The gw spider is set to -z5000. Is this creating the issue?

Thanks
Mike Clark
robot@resumerobot.com
User avatar
mark
Site Admin
Posts: 5519
Joined: Tue Apr 25, 2000 6:56 pm

-z argument with <!-- hidden and <style> tags in html

Post by mark »

Do you mean no body *content*?
Is the html source of the page larger than your -z settings of 5000 bytes? If so you should receive a "truncated" message during the walk and the body content will only contain as much as was in the first 5000 bytes.
resume.robot
Posts: 68
Joined: Sat Jan 13, 2001 1:23 am

-z argument with <!-- hidden and <style> tags in html

Post by resume.robot »

Yes you are correct, the database entries for a few pages display no body content.

I don't know what the log entries were for those pages. I do see truncated pages and log entries all the time, and for those entries the body content is the first 5000 characters, just like it's supposed to be.

Here are 3 of the urls in question
http://66.92.69.146/tomresume.htm
http://www.catadjuster.org/adjusters/joyce.html
http://www.hendrik-weber.de/vitae-e7_Delaware2.htm

On reviewing them, using view/source, they all have xml tags at the top, even though the pages have htm or html suffix. The pages seem to be created by microsoft word 9.

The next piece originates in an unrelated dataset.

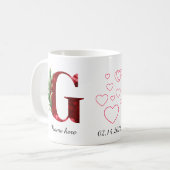 Elegantes rotes Herz Blumen-Initial-C-Kaffeeg mit Kaffeetasse (Vorderseite Links)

Here is the gw string being used to populate the database

gw -d/db -noindex -a -r -O -fshtml -fasp -fcfm -t7 -z5000
User avatar
mark
Site Admin
Posts: 5519
Joined: Tue Apr 25, 2000 6:56 pm

-z argument with <!-- hidden and <style> tags in html

Post by mark »

As I suspected. There's no text in the first 5000 bytes of the html.
resume.robot
Posts: 68
Joined: Sat Jan 13, 2001 1:23 am

-z argument with <!-- hidden and <style> tags in html

Post by resume.robot »

Is there any way to exclude hidden tags from the text to be spidered, so that the limits apply only spider-able (visible) text characters?
User avatar
mark
Site Admin
Posts: 5519
Joined: Tue Apr 25, 2000 6:56 pm

-z argument with <!-- hidden and <style> tags in html

Post by mark »

No. The limit is on the downloaded size. It downloads the allowed amount, disconnects, then extracts the text from the page. The idea is to reduce bandwidth usage. You just need to download more across the board to accomodate such things. (Or tell your submitters not to put so much junk at the head of their files.)